- [SUPPLIED INFORMATION]
--

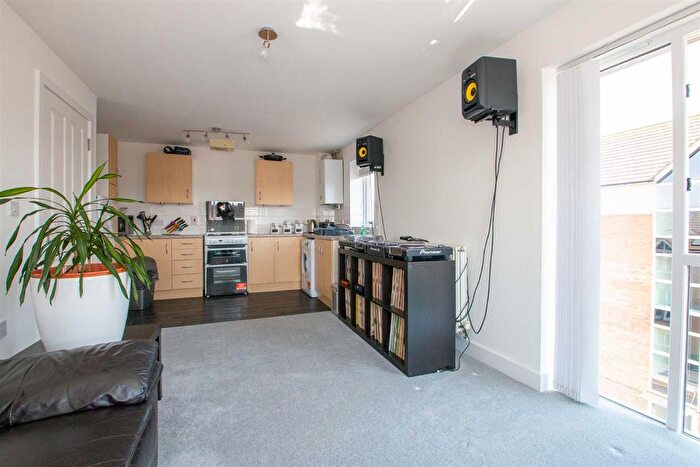 1 Bedroom Flat To Rent In Warwick Avenue, Broughton, MK10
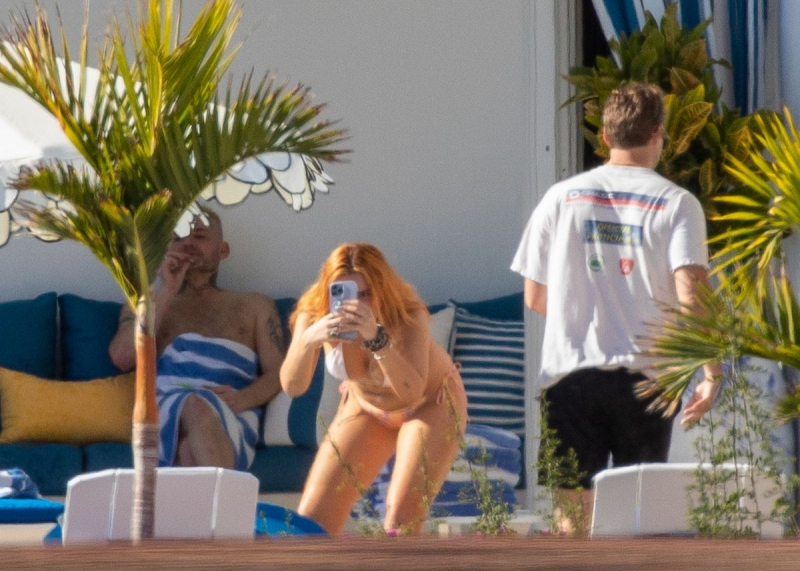 Bella Thorne bikiniyle Cabo San Lucas'da
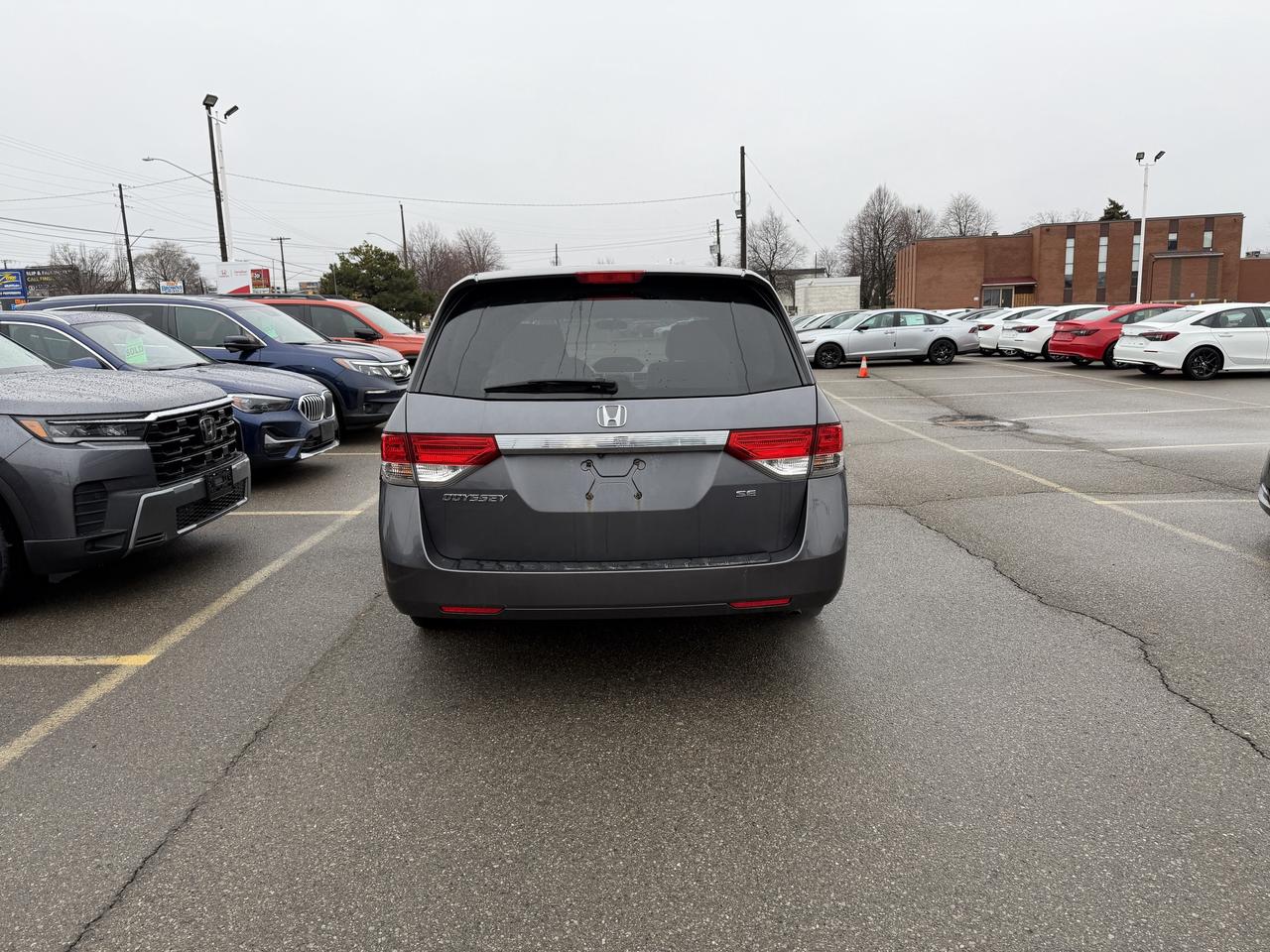 2016 Honda Odyssey SE   ONE OWNER   NO CLAIMS   PWR DOORS Photo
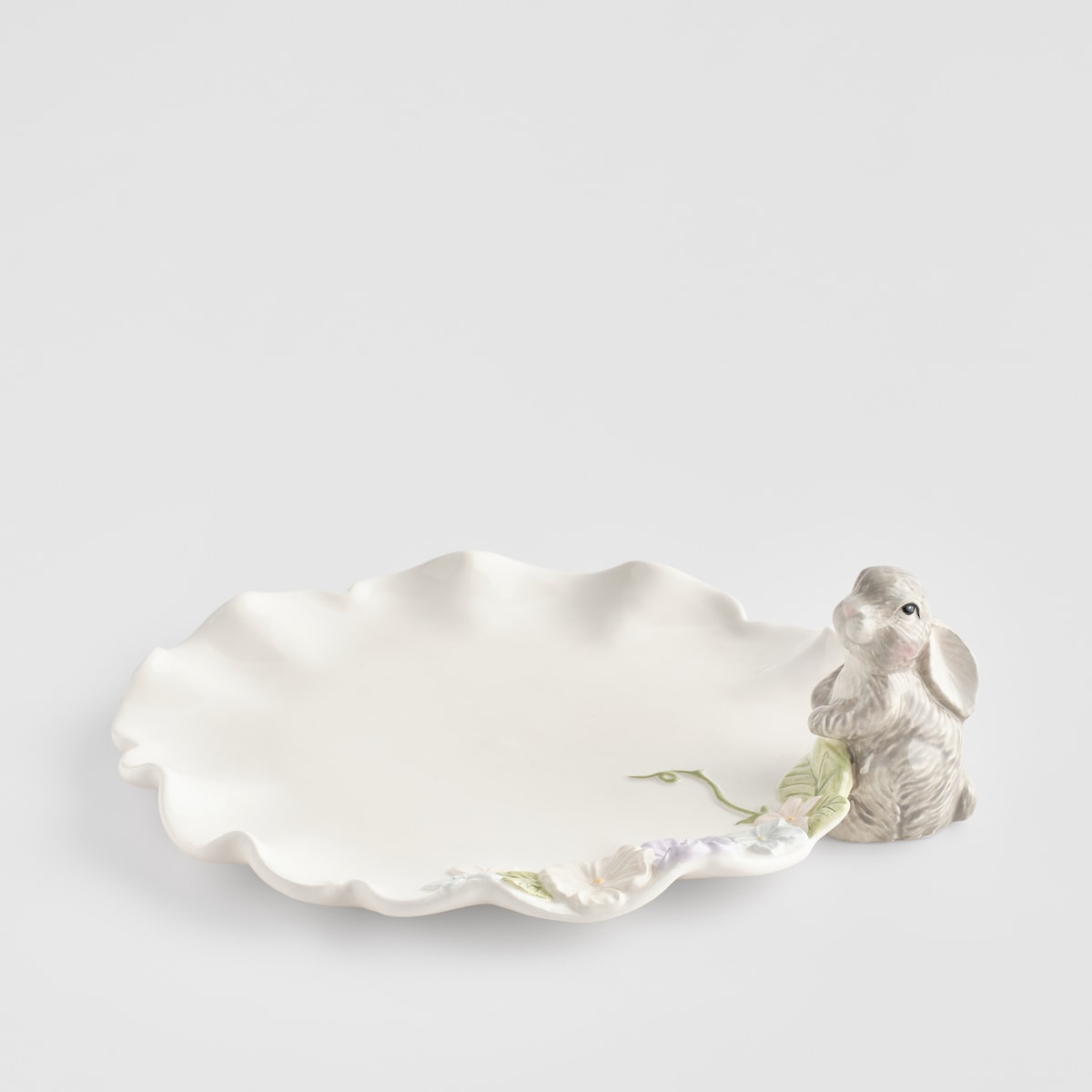 Patera Pasquile z motywem kwiatowym i królika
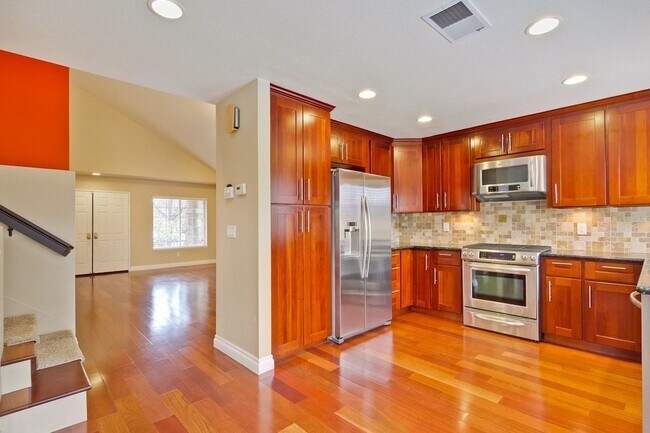 Building Photo - Awesome 3 Bedroom  Home Near Rivermark Plaza!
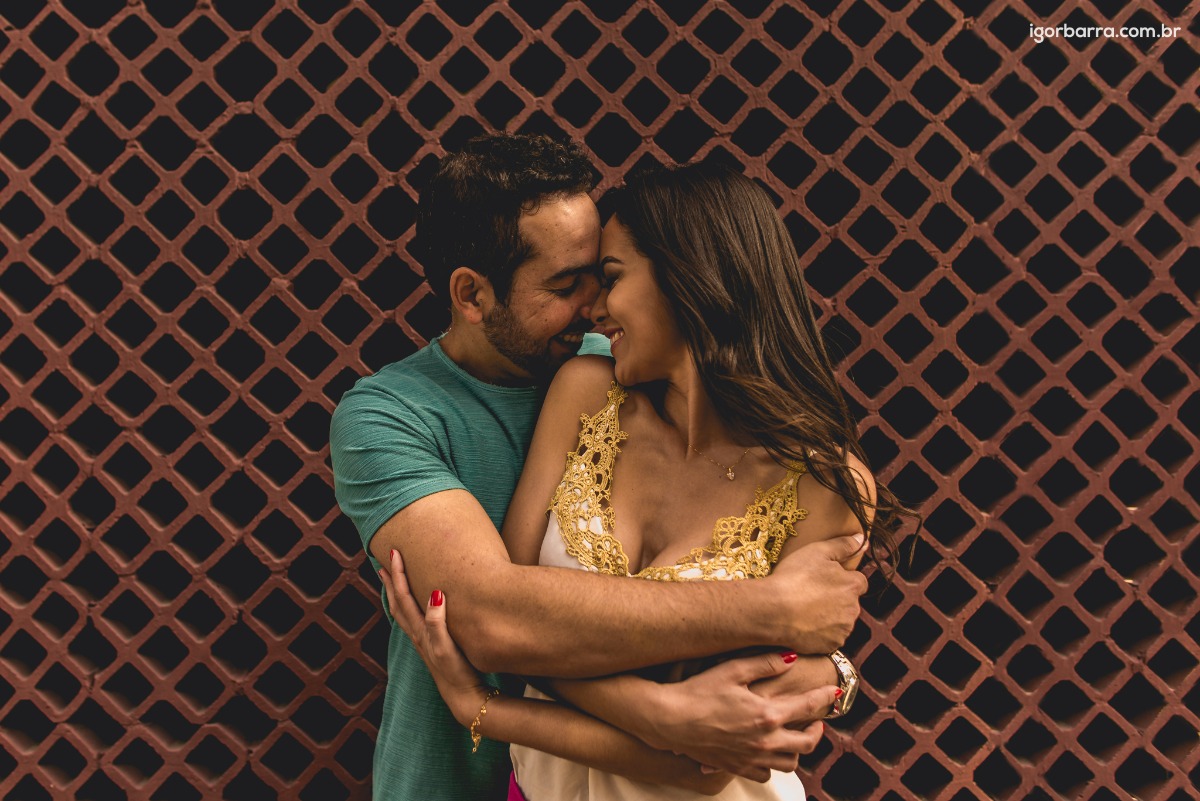 Fotos Casal de noivos se abraçando, Anna e Francisco, esession, pré-casamento, Juiz de Fora, MG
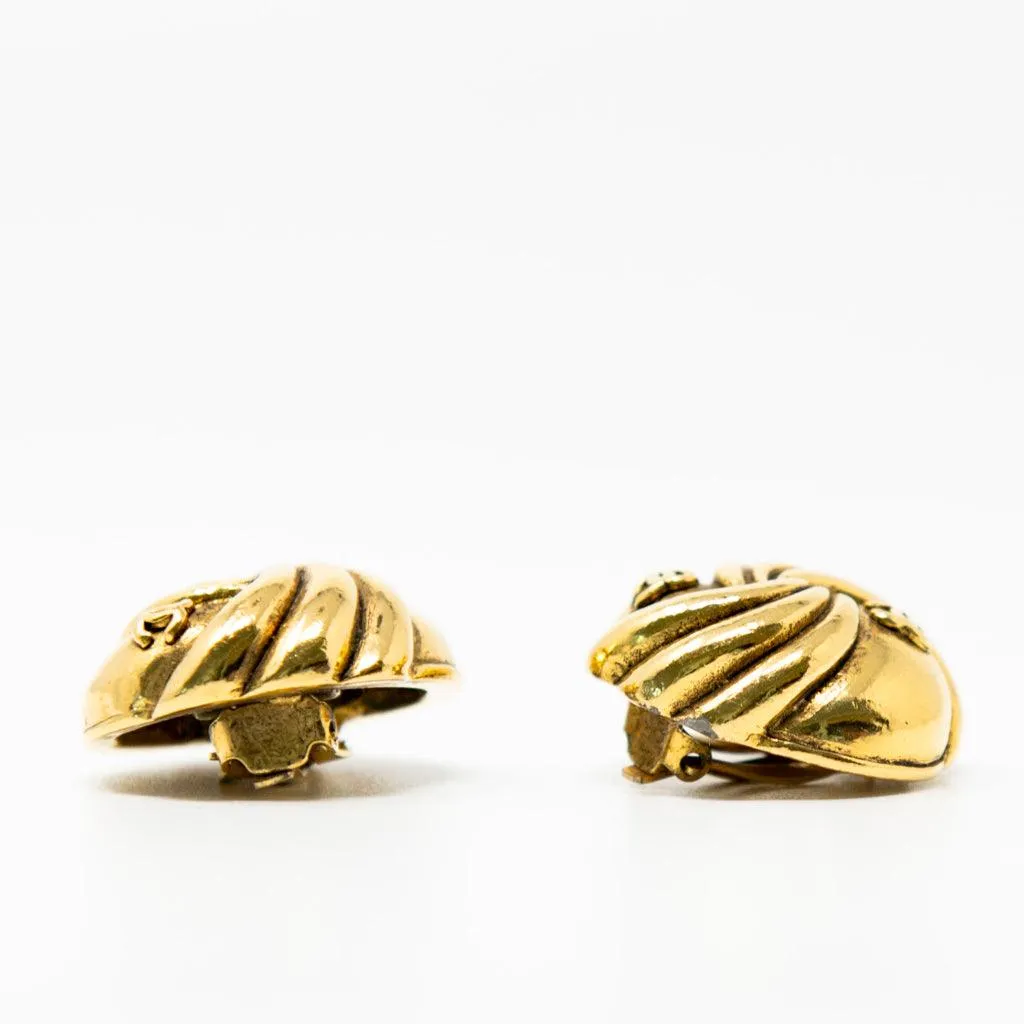 Chanel Gold Vintage Clip On Earrings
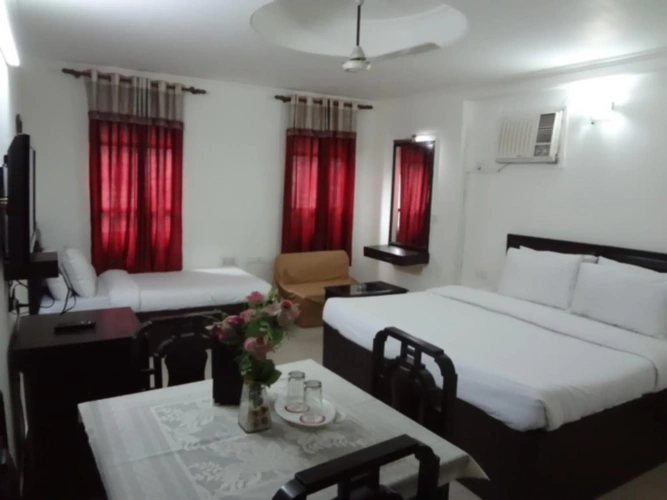 Standard Triple room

--

- [EXERCISE INSTRUCTIONS]
Give back an exact copy of only the lines from the one with "Bella Thorne bikiniyle Cabo San Lucas'da" through the final line of the material, both included. Pictures do not belong in it.

- [EXERCISE ANSWER]
 Bella Thorne bikiniyle Cabo San Lucas'da
 2016 Honda Odyssey SE   ONE OWNER   NO CLAIMS   PWR DOORS Photo
 Patera Pasquile z motywem kwiatowym i królika
 Building Photo - Awesome 3 Bedroom  Home Near Rivermark Plaza!
 Fotos Casal de noivos se abraçando, Anna e Francisco, esession, pré-casamento, Juiz de Fora, MG
 Chanel Gold Vintage Clip On Earrings
 Standard Triple room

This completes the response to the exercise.